In questo particolare periodo dell’anno, avendo avuto modo di visitare tanti territori del nostro Paese e di incontrare molteplici realtà di lavoro, mi sovviene qualche riflessione sulle dinamiche che si intravedono, con particolare riferimento al mercato del lavoro, ai rapporti di lavoro stessi e al ruolo delle parti sociali (sindacati e rappresentanze dei datori di lavoro), in qualità di protagonisti delle regolazioni contrattuali e sociali.



E, assumendo una posizione più distaccata rispetto alla cronaca quotidiana sugli eventi che accadono, si intravede una realtà che spesso è in contrasto con ciò che viene descritto e narrato dal mainstream comunicativo, social media o tiggì regionali che siano. I racconti e le cronache sono spesso unilaterali, in qualche modo parziali, in cui si sovraespongono talune parti e se ne nascondono altre, semplicemente non raccontandole. Ovviamente non sempre è così, come dimostrano ad esempio, le situazioni del lavoro nel settore sanitario, dove, accanto all’endemica carenza di risorse umane ed economiche, sommate a talune incapacità gestionali sia di natura organizzativa e manageriale che di indirizzo politico e amministrativo, si acuiscono le contraddizioni e i disagi di operatori e cittadini con le manovre di finanza pubblica. Si toccano alcuni nervi scoperti del Paese, scandalizzandosi se poi si suscitano reazioni importanti (vedi gli scioperi nel settore delle scorse settimane).

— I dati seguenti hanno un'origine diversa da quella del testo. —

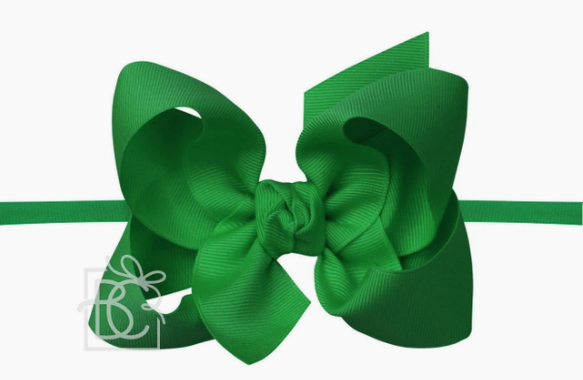 Grosgrain Medium Bow on Nylon headband 4.5"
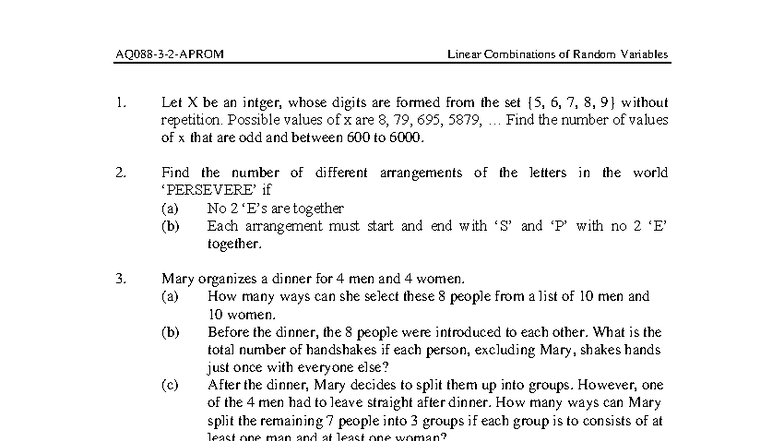 Linear Combinations of Random Variables - Level 2 Study Notes - Studocu
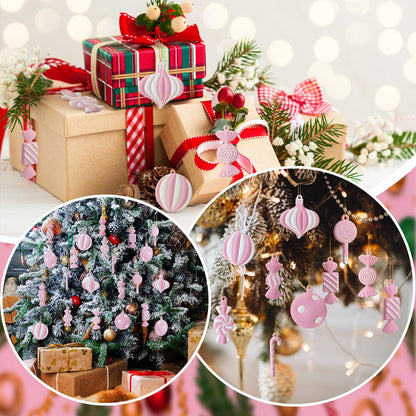 Panelee 20 Pcs Christmas Candy Tree Ornaments PVC Christmas Candy Cane Lollipop Ornament Xmas Hanging Decors Birthday Party Decoration Crafts for Holiday Xmas Tree Party (Pink and White)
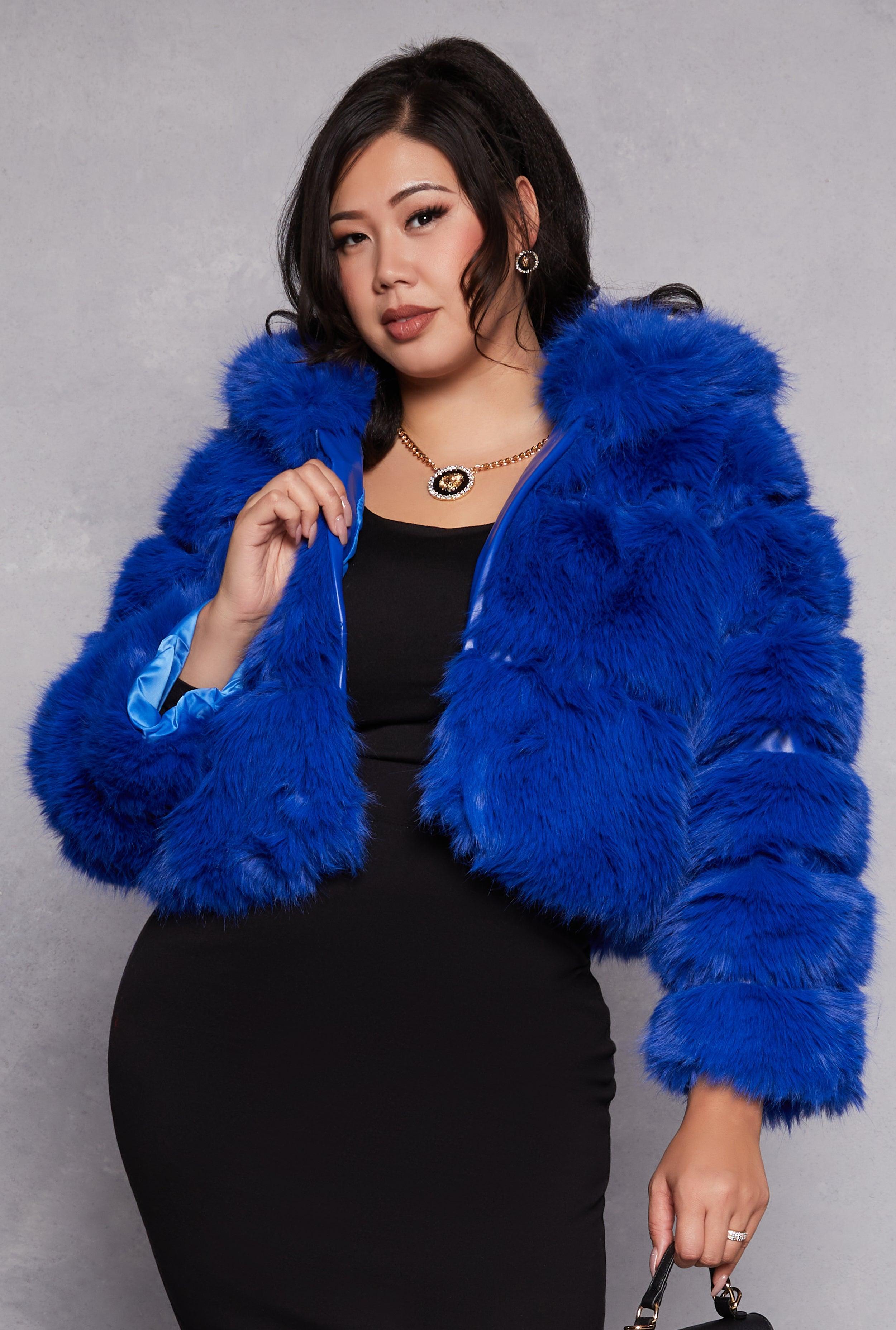 Womens Plus Size Faux Fur Hooded Cropped Jacket Product Image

Ma, per stare al tema della conflittualità di lavoro, mi sono domandato dove e perché si sciopera nel nostro Paese e la risposta è pressoché univoca: solo nel settore dei trasporti, e in particolare in alcune aree urbane e metropolitane, con annunci di astensioni vitali a opera di piccoli sindacati ma capaci di paralizzare le arterie di un sistema complesso, oltre che decine di migliaia di pendolari e viaggiatori. Non entro nel merito delle ragioni (o dei torti!), mi limito a segnalare un fatto ovvero che nel Paese sostanzialmente la conflittualità sindacale non è generalizzata, ma localizzata nei casi di licenziamenti e chiusure di stabilimenti o sedi impiegatizie e nel settore dei trasporti. Poi sussistono casi particolari che si trascinano da tempo, quali ad esempio il comparto siderurgico e la crisi di Taranto in particolare.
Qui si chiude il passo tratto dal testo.